Executors removed after “seriously unreasonable behaviour”
In a January 2026 High Court decision, Anne Elizabeth Helme and Daniel Jones were removed as executors of the £3.7 million estate of Mary Organ and ordered to pay the beneficiaries’ legal costs after the court found their conduct amounted to misconduct.
The court upheld multiple complaints, including prolonged delays in administering the estate, failures to notify beneficiaries of their interests, conflicts of interest and attempts to accelerate property sales despite an injunction application. The judge described the executors’ behaviour as “out of the norm” and ordered them to pay costs on the indemnity basis, with no right to recover their own legal fees from the estate.
Executors must act promptly, transparently, and free from conflicts of interest. Failure to do so can result in removal and personal financial liability.
Concerns raised over republication of unclaimed estates list
Concerns have been raised about the Government Legal Department’s decision to republish the Bona Vacantia unclaimed estates list, which had been taken offline last summer following a BBC investigation into its alleged use in fraud.

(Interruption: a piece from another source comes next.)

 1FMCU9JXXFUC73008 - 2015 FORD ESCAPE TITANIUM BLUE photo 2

The list was reinstated in January with reduced information, and the Government Legal Department said a review found no evidence that it had been the source of fraud. However, critics have warned that restoring public access without stronger safeguards risks re-exposing the probate system to abuse.
Previous allegations suggested the list had been used by criminals to identify estates where individuals died without known heirs, enabling fraudulent wills to be submitted and estate assets accessed or sold before issues were detected.

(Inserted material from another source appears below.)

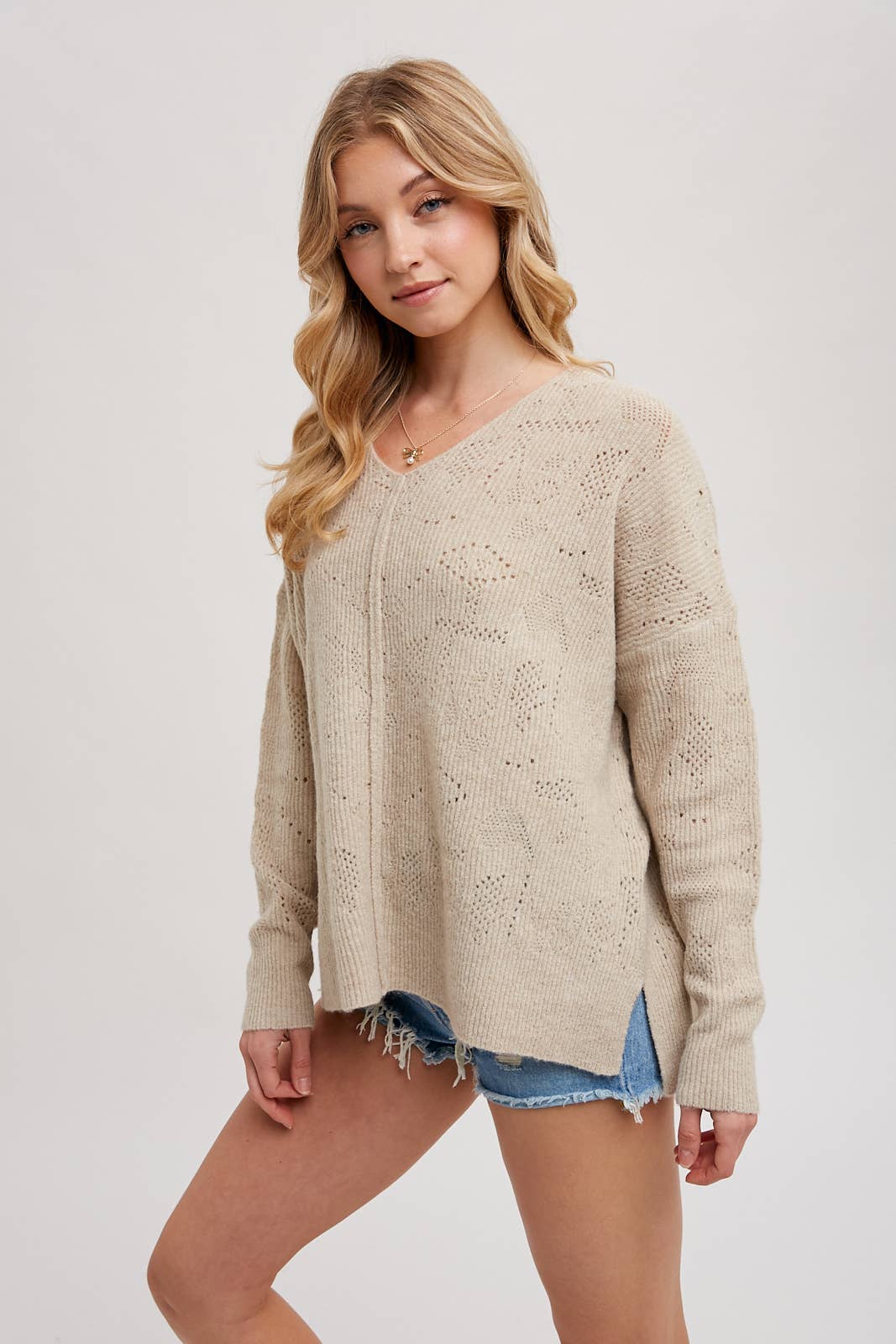 V-Neck Knit Sweater Pullover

The debate highlights the ongoing challenge of balancing transparency with protection in the probate system, and the importance of robust checks and oversight to prevent fraud affecting vulnerable estates.

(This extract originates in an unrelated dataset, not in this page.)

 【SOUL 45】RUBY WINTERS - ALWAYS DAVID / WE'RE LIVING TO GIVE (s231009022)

‘Unreasonable’ trustees ordered to pay costs in land dispute
In a recent Upper Tribunal decision, trustees were ordered to pay legal costs after the court found their conduct in a land dispute to be unreasonable.
The case involved Stuart Pilbrow, who applied to be registered as the owner of land by adverse possession, and Nicola Jane Glanville and Lady Eileen Audrey Blount, the registered proprietors of the land. The respondents objected to the application but failed to disclose at an early stage that part of the land was held on trust for a family member, which amounted to a complete defence.
After Mr Pilbrow withdrew his application, the tribunal initially made no order as to costs. However, on appeal, the Upper Tribunal found that the trustees’ failure to disclose the trust’s existence had led to a year of unnecessary litigation and substantial wasted costs.
Judge Elizabeth Cooke described the proceedings as “pointless” and said the respondents’ conduct was so unreasonable that it should have cost consequences. The trustees were ordered to pay Mr Pilbrow’s costs of the First-tier Tribunal proceedings.
The decision is a reminder that trustees must understand their duties and act transparently. Failing to disclose key information, even inadvertently, can expose trustees to personal liability for legal costs.

£5m estate dispute highlights power of attorney risks
The dispute centres on actions taken while Mrs MacDougall was alive, when Mrs Thomas acted under a power of attorney. Mrs Thomas has admitted exceeding her authority as an attorney but denies acting dishonestly, saying she misunderstood what the role permitted.
Mr MacDougall is challenging his mother’s final will and a series of lifetime gifts and property transactions, alleging that substantial sums were spent for the benefit of his sister and her family at a time when their mother lacked capacity.
The case raises issues of alleged financial abuse, undue influence and the limits of an attorney’s powers. It is due to proceed to a High Court trial later this year.
For families, the case is a clear reminder that attorneys must act strictly in the donor’s best interests and within the scope of their legal authority. Even well-intentioned actions can lead to costly disputes if powers are exceeded or records are unclear.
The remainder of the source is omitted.